#### [Exercise objective]
Copy out all of the entries exactly as they appear.

#### [Provided information]
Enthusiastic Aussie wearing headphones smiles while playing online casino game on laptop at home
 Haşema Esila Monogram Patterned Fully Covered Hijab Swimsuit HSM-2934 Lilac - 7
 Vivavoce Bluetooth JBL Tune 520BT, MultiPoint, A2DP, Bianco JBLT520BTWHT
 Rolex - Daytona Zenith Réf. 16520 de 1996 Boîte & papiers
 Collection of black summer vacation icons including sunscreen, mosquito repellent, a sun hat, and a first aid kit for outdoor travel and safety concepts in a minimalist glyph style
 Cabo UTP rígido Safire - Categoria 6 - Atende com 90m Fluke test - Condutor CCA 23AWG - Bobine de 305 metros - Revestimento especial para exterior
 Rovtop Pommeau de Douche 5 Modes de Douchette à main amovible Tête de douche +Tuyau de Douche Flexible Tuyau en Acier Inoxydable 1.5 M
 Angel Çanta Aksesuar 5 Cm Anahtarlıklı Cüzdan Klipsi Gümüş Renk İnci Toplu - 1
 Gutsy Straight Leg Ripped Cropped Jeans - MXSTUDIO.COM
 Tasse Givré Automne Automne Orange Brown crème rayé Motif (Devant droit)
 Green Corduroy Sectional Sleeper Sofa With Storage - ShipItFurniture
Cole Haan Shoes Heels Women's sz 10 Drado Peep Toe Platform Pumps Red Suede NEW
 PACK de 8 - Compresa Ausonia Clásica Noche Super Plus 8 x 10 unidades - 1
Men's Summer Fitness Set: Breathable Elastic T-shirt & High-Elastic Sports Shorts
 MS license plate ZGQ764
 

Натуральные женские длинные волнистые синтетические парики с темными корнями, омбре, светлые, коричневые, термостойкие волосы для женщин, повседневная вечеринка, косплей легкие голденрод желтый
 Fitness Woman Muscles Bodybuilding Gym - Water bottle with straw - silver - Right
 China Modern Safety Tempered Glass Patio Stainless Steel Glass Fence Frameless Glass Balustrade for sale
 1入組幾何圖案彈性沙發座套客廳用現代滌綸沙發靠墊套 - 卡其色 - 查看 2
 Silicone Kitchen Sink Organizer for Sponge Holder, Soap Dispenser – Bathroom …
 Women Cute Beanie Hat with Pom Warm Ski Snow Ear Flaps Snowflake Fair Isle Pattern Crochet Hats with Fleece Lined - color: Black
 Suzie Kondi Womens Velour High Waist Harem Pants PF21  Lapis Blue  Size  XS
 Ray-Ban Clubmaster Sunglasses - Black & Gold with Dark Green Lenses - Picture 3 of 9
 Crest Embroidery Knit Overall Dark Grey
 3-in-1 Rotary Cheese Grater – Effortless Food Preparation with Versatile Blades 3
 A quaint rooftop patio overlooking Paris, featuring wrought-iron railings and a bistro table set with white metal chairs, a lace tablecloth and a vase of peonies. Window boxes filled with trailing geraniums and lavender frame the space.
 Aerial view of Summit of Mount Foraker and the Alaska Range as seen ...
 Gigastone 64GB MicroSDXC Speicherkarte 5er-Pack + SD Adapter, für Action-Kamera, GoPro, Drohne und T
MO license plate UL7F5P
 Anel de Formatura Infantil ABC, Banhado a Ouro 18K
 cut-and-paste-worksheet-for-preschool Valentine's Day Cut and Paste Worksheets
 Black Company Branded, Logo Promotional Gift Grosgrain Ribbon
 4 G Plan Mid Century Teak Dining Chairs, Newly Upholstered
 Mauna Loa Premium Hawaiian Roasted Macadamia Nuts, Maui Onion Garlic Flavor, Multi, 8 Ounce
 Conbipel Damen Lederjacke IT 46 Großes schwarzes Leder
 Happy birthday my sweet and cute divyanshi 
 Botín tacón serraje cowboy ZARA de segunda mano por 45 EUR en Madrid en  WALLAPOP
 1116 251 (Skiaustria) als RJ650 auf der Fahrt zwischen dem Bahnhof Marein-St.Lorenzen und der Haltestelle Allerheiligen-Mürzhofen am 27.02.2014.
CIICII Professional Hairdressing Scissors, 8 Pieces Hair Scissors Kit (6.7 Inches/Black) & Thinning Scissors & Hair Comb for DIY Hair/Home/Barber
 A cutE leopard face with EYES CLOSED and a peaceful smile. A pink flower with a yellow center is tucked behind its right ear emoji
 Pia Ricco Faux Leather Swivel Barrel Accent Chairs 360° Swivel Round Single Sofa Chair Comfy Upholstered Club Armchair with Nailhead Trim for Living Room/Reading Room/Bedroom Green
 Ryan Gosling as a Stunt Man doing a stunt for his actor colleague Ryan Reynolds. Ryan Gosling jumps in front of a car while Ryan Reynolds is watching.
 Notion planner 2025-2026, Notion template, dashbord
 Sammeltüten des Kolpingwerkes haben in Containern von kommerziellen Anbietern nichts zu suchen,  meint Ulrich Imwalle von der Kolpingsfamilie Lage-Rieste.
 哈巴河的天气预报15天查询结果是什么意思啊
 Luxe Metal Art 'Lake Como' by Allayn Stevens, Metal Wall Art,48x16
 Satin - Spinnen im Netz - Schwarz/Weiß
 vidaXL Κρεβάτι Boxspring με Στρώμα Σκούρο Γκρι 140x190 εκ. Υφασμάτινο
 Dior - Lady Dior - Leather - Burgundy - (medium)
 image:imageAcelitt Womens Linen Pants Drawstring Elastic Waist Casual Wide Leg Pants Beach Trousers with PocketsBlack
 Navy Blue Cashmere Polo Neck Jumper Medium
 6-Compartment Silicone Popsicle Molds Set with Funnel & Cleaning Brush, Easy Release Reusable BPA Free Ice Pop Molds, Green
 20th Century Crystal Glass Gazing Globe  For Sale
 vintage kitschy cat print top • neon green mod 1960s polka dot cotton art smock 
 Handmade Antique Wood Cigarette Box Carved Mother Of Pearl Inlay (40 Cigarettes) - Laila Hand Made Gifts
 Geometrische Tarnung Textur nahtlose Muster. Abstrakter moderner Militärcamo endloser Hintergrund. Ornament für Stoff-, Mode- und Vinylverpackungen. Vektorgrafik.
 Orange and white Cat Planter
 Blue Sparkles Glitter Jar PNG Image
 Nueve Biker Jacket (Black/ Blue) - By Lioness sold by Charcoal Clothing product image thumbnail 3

#### [Your response]
Enthusiastic Aussie wearing headphones smiles while playing online casino game on laptop at home
 Haşema Esila Monogram Patterned Fully Covered Hijab Swimsuit HSM-2934 Lilac - 7
 Vivavoce Bluetooth JBL Tune 520BT, MultiPoint, A2DP, Bianco JBLT520BTWHT
 Rolex - Daytona Zenith Réf. 16520 de 1996 Boîte & papiers
 Collection of black summer vacation icons including sunscreen, mosquito repellent, a sun hat, and a first aid kit for outdoor travel and safety concepts in a minimalist glyph style
 Cabo UTP rígido Safire - Categoria 6 - Atende com 90m Fluke test - Condutor CCA 23AWG - Bobine de 305 metros - Revestimento especial para exterior
 Rovtop Pommeau de Douche 5 Modes de Douchette à main amovible Tête de douche +Tuyau de Douche Flexible Tuyau en Acier Inoxydable 1.5 M
 Angel Çanta Aksesuar 5 Cm Anahtarlıklı Cüzdan Klipsi Gümüş Renk İnci Toplu - 1
 Gutsy Straight Leg Ripped Cropped Jeans - MXSTUDIO.COM
 Tasse Givré Automne Automne Orange Brown crème rayé Motif (Devant droit)
 Green Corduroy Sectional Sleeper Sofa With Storage - ShipItFurniture
Cole Haan Shoes Heels Women's sz 10 Drado Peep Toe Platform Pumps Red Suede NEW
 PACK de 8 - Compresa Ausonia Clásica Noche Super Plus 8 x 10 unidades - 1
Men's Summer Fitness Set: Breathable Elastic T-shirt & High-Elastic Sports Shorts
 MS license plate ZGQ764
 

Натуральные женские длинные волнистые синтетические парики с темными корнями, омбре, светлые, коричневые, термостойкие волосы для женщин, повседневная вечеринка, косплей легкие голденрод желтый
 Fitness Woman Muscles Bodybuilding Gym - Water bottle with straw - silver - Right
 China Modern Safety Tempered Glass Patio Stainless Steel Glass Fence Frameless Glass Balustrade for sale
 1入組幾何圖案彈性沙發座套客廳用現代滌綸沙發靠墊套 - 卡其色 - 查看 2
 Silicone Kitchen Sink Organizer for Sponge Holder, Soap Dispenser – Bathroom …
 Women Cute Beanie Hat with Pom Warm Ski Snow Ear Flaps Snowflake Fair Isle Pattern Crochet Hats with Fleece Lined - color: Black
 Suzie Kondi Womens Velour High Waist Harem Pants PF21  Lapis Blue  Size  XS
 Ray-Ban Clubmaster Sunglasses - Black & Gold with Dark Green Lenses - Picture 3 of 9
 Crest Embroidery Knit Overall Dark Grey
 3-in-1 Rotary Cheese Grater – Effortless Food Preparation with Versatile Blades 3
 A quaint rooftop patio overlooking Paris, featuring wrought-iron railings and a bistro table set with white metal chairs, a lace tablecloth and a vase of peonies. Window boxes filled with trailing geraniums and lavender frame the space.
 Aerial view of Summit of Mount Foraker and the Alaska Range as seen ...
 Gigastone 64GB MicroSDXC Speicherkarte 5er-Pack + SD Adapter, für Action-Kamera, GoPro, Drohne und T
MO license plate UL7F5P
 Anel de Formatura Infantil ABC, Banhado a Ouro 18K
 cut-and-paste-worksheet-for-preschool Valentine's Day Cut and Paste Worksheets
 Black Company Branded, Logo Promotional Gift Grosgrain Ribbon
 4 G Plan Mid Century Teak Dining Chairs, Newly Upholstered
 Mauna Loa Premium Hawaiian Roasted Macadamia Nuts, Maui Onion Garlic Flavor, Multi, 8 Ounce
 Conbipel Damen Lederjacke IT 46 Großes schwarzes Leder
 Happy birthday my sweet and cute divyanshi 
 Botín tacón serraje cowboy ZARA de segunda mano por 45 EUR en Madrid en  WALLAPOP
 1116 251 (Skiaustria) als RJ650 auf der Fahrt zwischen dem Bahnhof Marein-St.Lorenzen und der Haltestelle Allerheiligen-Mürzhofen am 27.02.2014.
CIICII Professional Hairdressing Scissors, 8 Pieces Hair Scissors Kit (6.7 Inches/Black) & Thinning Scissors & Hair Comb for DIY Hair/Home/Barber
 A cutE leopard face with EYES CLOSED and a peaceful smile. A pink flower with a yellow center is tucked behind its right ear emoji
 Pia Ricco Faux Leather Swivel Barrel Accent Chairs 360° Swivel Round Single Sofa Chair Comfy Upholstered Club Armchair with Nailhead Trim for Living Room/Reading Room/Bedroom Green
 Ryan Gosling as a Stunt Man doing a stunt for his actor colleague Ryan Reynolds. Ryan Gosling jumps in front of a car while Ryan Reynolds is watching.
 Notion planner 2025-2026, Notion template, dashbord
 Sammeltüten des Kolpingwerkes haben in Containern von kommerziellen Anbietern nichts zu suchen,  meint Ulrich Imwalle von der Kolpingsfamilie Lage-Rieste.
 哈巴河的天气预报15天查询结果是什么意思啊
 Luxe Metal Art 'Lake Como' by Allayn Stevens, Metal Wall Art,48x16
 Satin - Spinnen im Netz - Schwarz/Weiß
 vidaXL Κρεβάτι Boxspring με Στρώμα Σκούρο Γκρι 140x190 εκ. Υφασμάτινο
 Dior - Lady Dior - Leather - Burgundy - (medium)
 image:imageAcelitt Womens Linen Pants Drawstring Elastic Waist Casual Wide Leg Pants Beach Trousers with PocketsBlack
 Navy Blue Cashmere Polo Neck Jumper Medium
 6-Compartment Silicone Popsicle Molds Set with Funnel & Cleaning Brush, Easy Release Reusable BPA Free Ice Pop Molds, Green
 20th Century Crystal Glass Gazing Globe  For Sale
 vintage kitschy cat print top • neon green mod 1960s polka dot cotton art smock 
 Handmade Antique Wood Cigarette Box Carved Mother Of Pearl Inlay (40 Cigarettes) - Laila Hand Made Gifts
 Geometrische Tarnung Textur nahtlose Muster. Abstrakter moderner Militärcamo endloser Hintergrund. Ornament für Stoff-, Mode- und Vinylverpackungen. Vektorgrafik.
 Orange and white Cat Planter
 Blue Sparkles Glitter Jar PNG Image
 Nueve Biker Jacket (Black/ Blue) - By Lioness sold by Charcoal Clothing product image thumbnail 3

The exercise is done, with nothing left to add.